## Required work:
Return exactly the lines of the records below, starting at the line that contains "Gas South Convention Center — photo 3 of 4" and ending at the line that contains "Aspen, Colorado, 81611, United", with both of those lines kept.

## Records for the task:
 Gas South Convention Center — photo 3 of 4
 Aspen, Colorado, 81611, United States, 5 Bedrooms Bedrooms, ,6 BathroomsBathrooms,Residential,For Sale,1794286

--

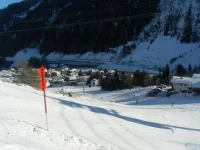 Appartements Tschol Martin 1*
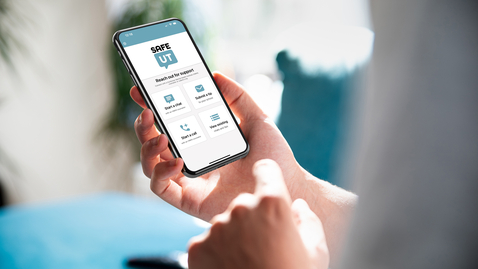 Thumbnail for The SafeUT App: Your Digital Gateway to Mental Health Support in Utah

==

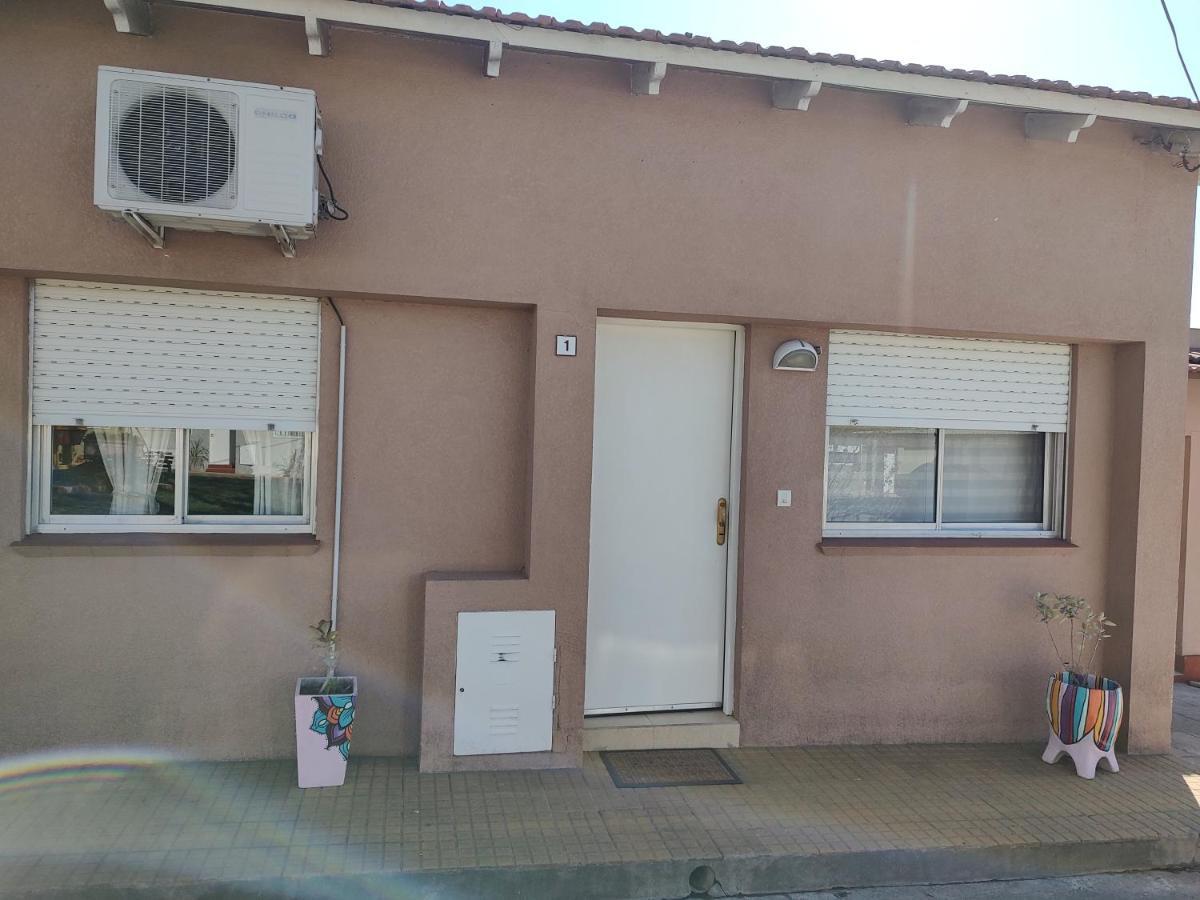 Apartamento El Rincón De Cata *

## Answer to this exercise:
 Gas South Convention Center — photo 3 of 4
 Aspen, Colorado, 81611, United States, 5 Bedrooms Bedrooms, ,6 BathroomsBathrooms,Residential,For Sale,1794286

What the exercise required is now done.